Companies Are on Very Short Notices
When the first import restrictions came last week, the government initially said the changes would come into effect immediately. However, the date has been pushed to November to give manufacturers some time to catch up with the changes.
Setting up a manufacturing plant takes almost 2-3 years. It’s not just about assembling things inside four walls, but the infrastructure required to produce delicate items like cameras requires a huge amount of time and cash investment to set up. We don’t have the technology to produce our technology goods that fast.

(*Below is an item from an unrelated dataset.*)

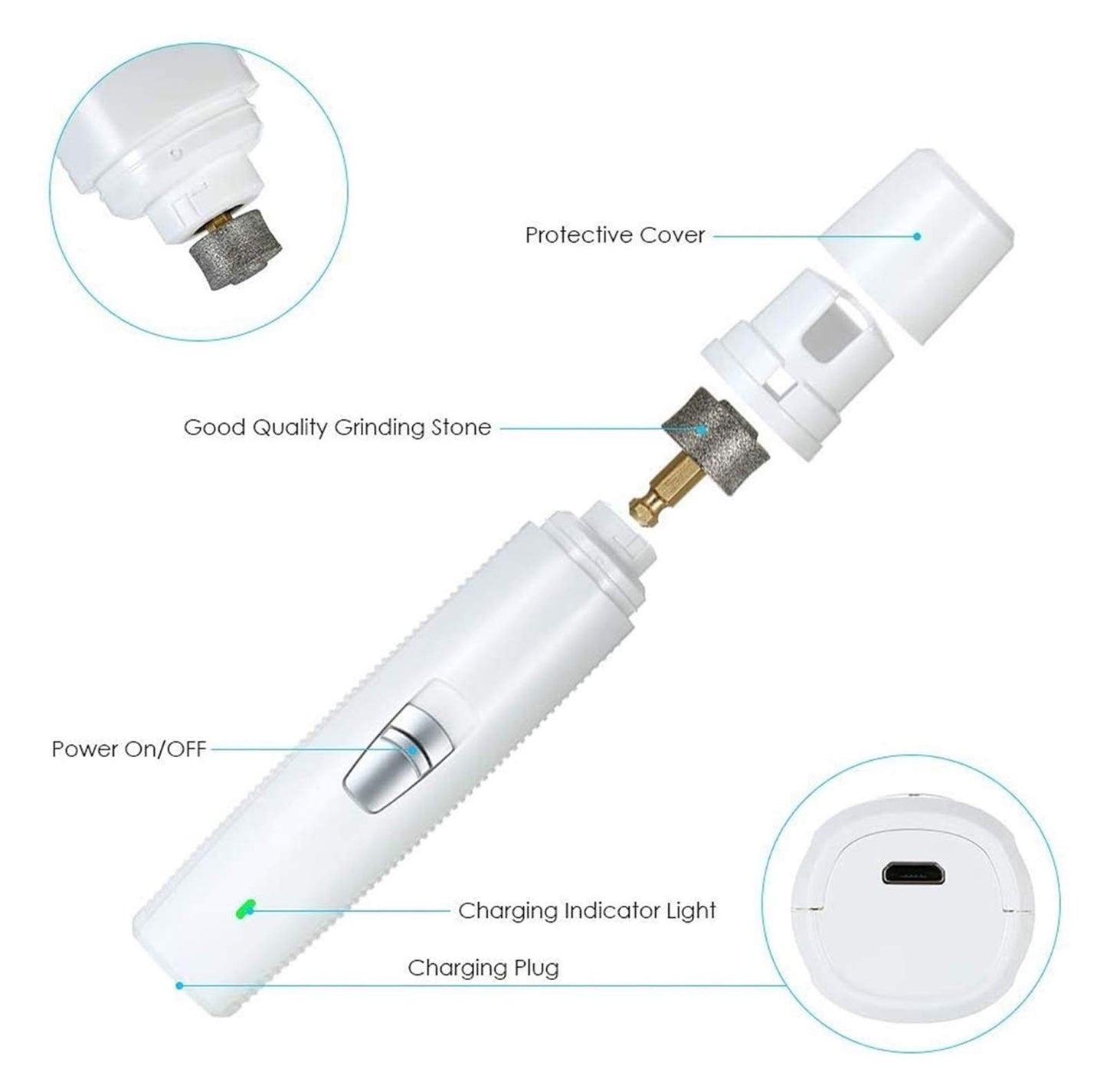Quiet Pet Nail Grinder & Clipper For All Sizes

If we look from the government’s point of view, short notices and strict regulations are the only way to get work done from multi-billion dollar businesses. If you cut them even the slightest of slacks, companies will use every single inch of it to delay the plans as long as possible. After all, a company will not want to step out of its comfort zone and conduct investments so soon.
The government is forcing businesses to start local manufacturing as soon as possible. These short-notice rules will compel brands to explore local production quickly.

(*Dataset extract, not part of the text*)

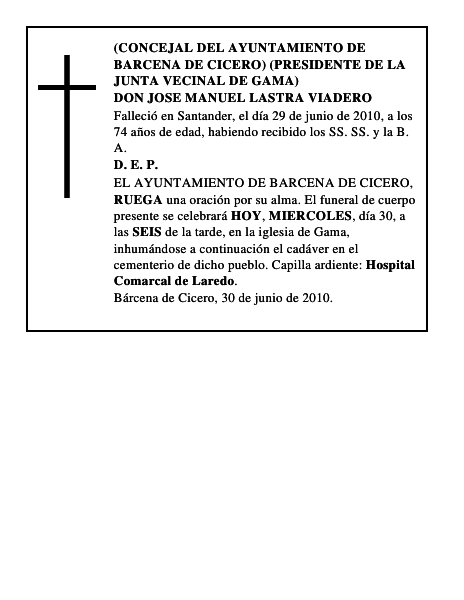 DON JOSE MANUEL LASTRA VIADERO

Government is Ready To Help With PLI Scheme
India introduced its Production Linked Incentive (PLI) scheme in April 2020 to help businesses across 14 sectors set up local manufacturing plants. This scheme works by providing aid to businesses based on the progress they make in their manufacturing volume. This scheme provides anywhere between 18-30% monetary benefits through tax savings, help in setting up facilities, discounted interest on loans, and so on.
PLI scheme has seen massive success in the mobile phone segment, as India is the second biggest smartphone manufacturer in the world.
The Government of India has a clear plan of action. It wants to reduce its dependence on imports and start manufacturing the same goods locally. In the future, we may soon see similar restrictions on the import of other goods.